A word from your word wall or pocket chart. This is what makes this game different from regular Hangman and also what makes it age appropriate. You only choose words from a specific word bank that they can see right in front of them, so they are using the process of elimination, logic, and reasoning skills to help them get the answer. They are also using their reading skills as they consider each word. Children that are still working on learning their letters can benefit from it as well, since it also serves as a review of the alphabet. So this is a great game for differentiated instruction! Once the answer becomes obvious to some of your brighter children, you can enjoy watching them squirm as they try to “hold it in;” it always appears as though some of them are going to just “pop!” Hence, it also becomes a lesson in social skills like self-control, taking turns, and treating others nicely, since taunting other children who have not yet figured out the answer is clearly unacceptable!
You can play a non-violent version by drawing the parts of a cat, pumpkin, snowman, bunny, pig, etc., instead of a dying man, of course!
Whole Group Tic Tac Toe
You can play this on a white board, and have the children read a word or answer any question for drill and practice before placing an X or an O on the board.

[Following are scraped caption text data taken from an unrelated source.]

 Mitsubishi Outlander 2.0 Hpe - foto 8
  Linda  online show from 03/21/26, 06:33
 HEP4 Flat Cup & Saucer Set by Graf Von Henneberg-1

Kids love to play boys against girls!
You can also play this “live” by placing nine chairs in the middle of the room, and having the kids sit in the chair where they would want their X or O placed. This idea of playing it “live” came from the wonderful teachers on the Kindergarten chatboard on Teachers.net. If you haven’t checked it out, I highly recommend it!
Whole Group Checkers
One year, some of my brighter boys were really “into” playing checkers during playtime. But many children did not know how to play. So I put self-adhesive velcro on a checker board and on the markers and taught the class to play! Just set the checker board on an easel and play boys against girls.

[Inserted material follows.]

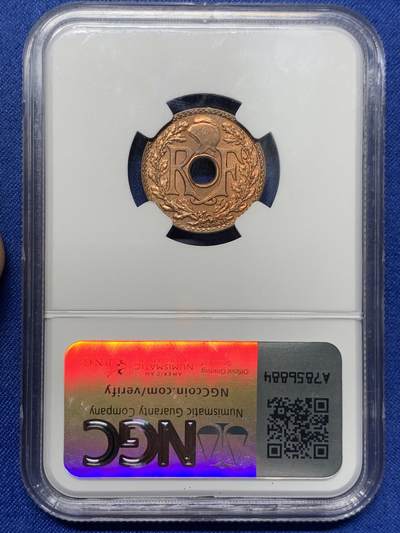 《竞宝斋》第420场 周日，周一，周二  3场连拍 （全场包邮） NGC MS64RB 法属印支1939年1/2C铜币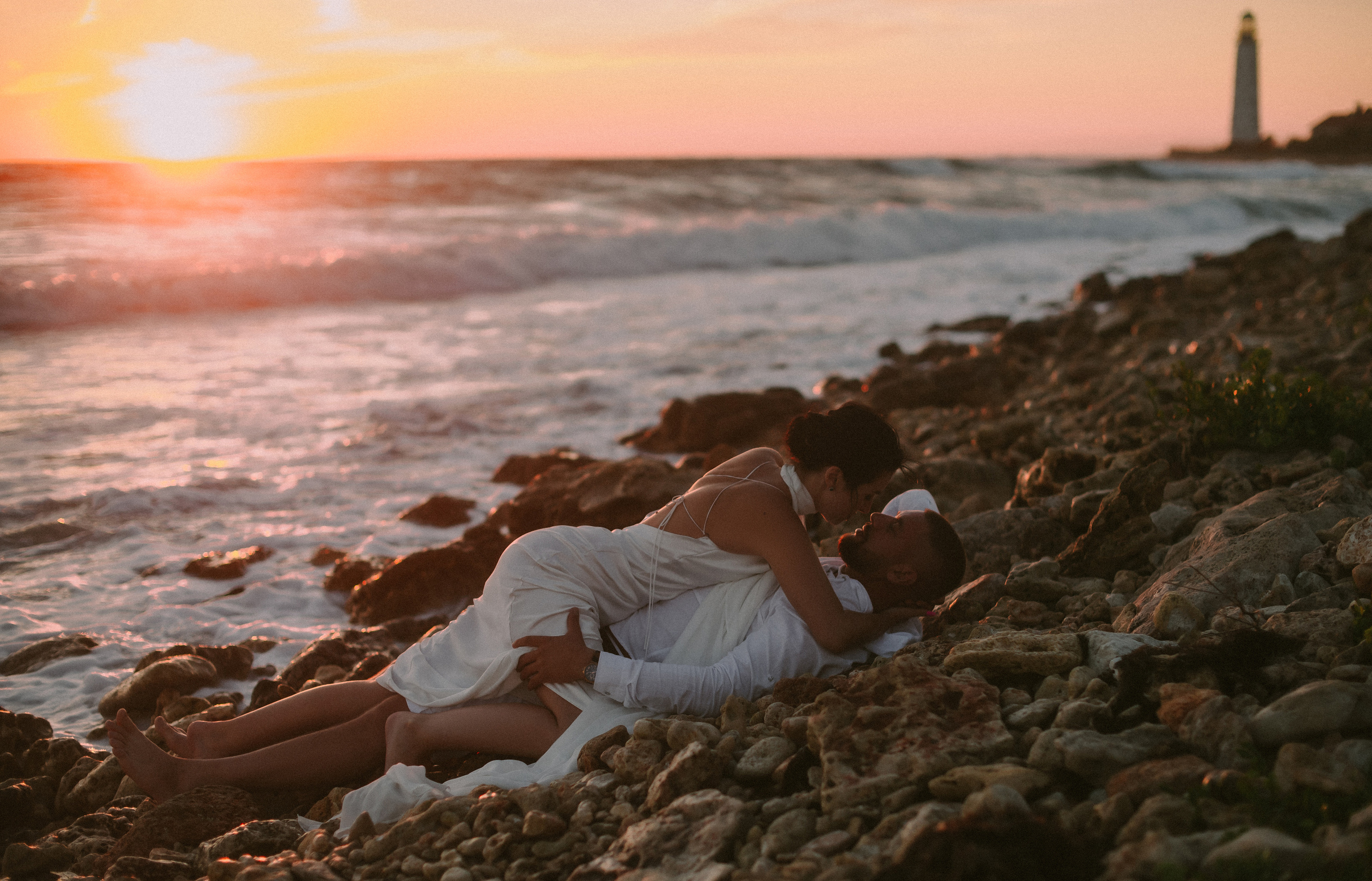 Казачья бухта. закат для двоих. Свадебный, женский, семейный фотограф в Севастополе Юлия Мошенко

There are many activities coming up that are demonstrated with resources from Heidisongs CVC Word Families and Sight Words book, but can be played with any flash cards. There are flashcards that can be used for word matching and sound sorting, and other types of activities that can be practiced whole group. There are also small sized cards that can be sent home for homework practice, and matching worksheets for the same. I use these worksheets for homework every single week, once I have introduced blending short vowel sounds (usually by November.) I use sight word worksheets until we get to that point, and continue to use them afterwards, of course!
Hop To It
What you need:
Pairs of flash cards, like CVC words and pictures that match. You need one card per child. If there is an odd number of children, then you play, too. I am giving you one set of downloads of the “At” family flashcards free! This free set doesn’t come with the worksheets though- sorry! To get those, you would have to buy the book or the five dollar download of the short A unit.
How to play:
Each child holds his or her card on his chest and when the music starts, they begin hopping around the room, looking for the person with the card that matches theirs. When they find their partner, they stop hopping and hold hands with him or her.
Variations on Hop To It:
* Use pairs of sight word cards and have the children find the person that has the same word that they have. Or, match pictures and letters, or numerals and dots. (The “Counting to 100” song that they were hopping around to is on my Jumpin’ Numbers and Shakin’ Shapes CD)
Word Wall or CVC Word Whackers
Give two kids a word whacker. Tell them to find a word and whack it. The first person to whack it gets to choose the next two whackers. The kids choose a name by pulling a name stick. Word Whackers are available on Amazon.
I use a couple of old Nestle’s Quik containers to keep my name sticks in. I just taped them together with clear packing tape and them covered one side of it with stickers. That’s the side that I start on. Once the kids have had a turn, I move their name to the other side. Also, when I write their names down, I write the boys names in blue and the girls names in red (or pink, if I can find a pink marker!). That way, if we are playing a boys against girls game, I can easily pick the right name. For the last couple of years, I wound up making an extra set of name sticks with another container to keep in a “Play School Box” that is on our toy shelf, because the kids love to play teacher and quiz each other on the different flashcards that they can find around the room. Also, when I wrote their names on the sticks, I wrote them all with a black marker so that if I found a stray name stick somewhere in the room, I would know right away which set it belonged with. Nothing is worse than losing a name stick and not knowing about it until weeks later! This only seems to happen to the very shyest students, of course, who wouldn’t dream of speaking up if they did not get a turn!
I put a bunch of extra sets of flashcards in the box that they could get all mixed up and play with (or lose!), etc, and it wouldn’t matter to me. There are also a couple of small white boards and markers in the box, and some red marking pens. I keep any extra copies of old worksheets or scrap paper in a tub where they can always find it, if they want to “correct” each others work!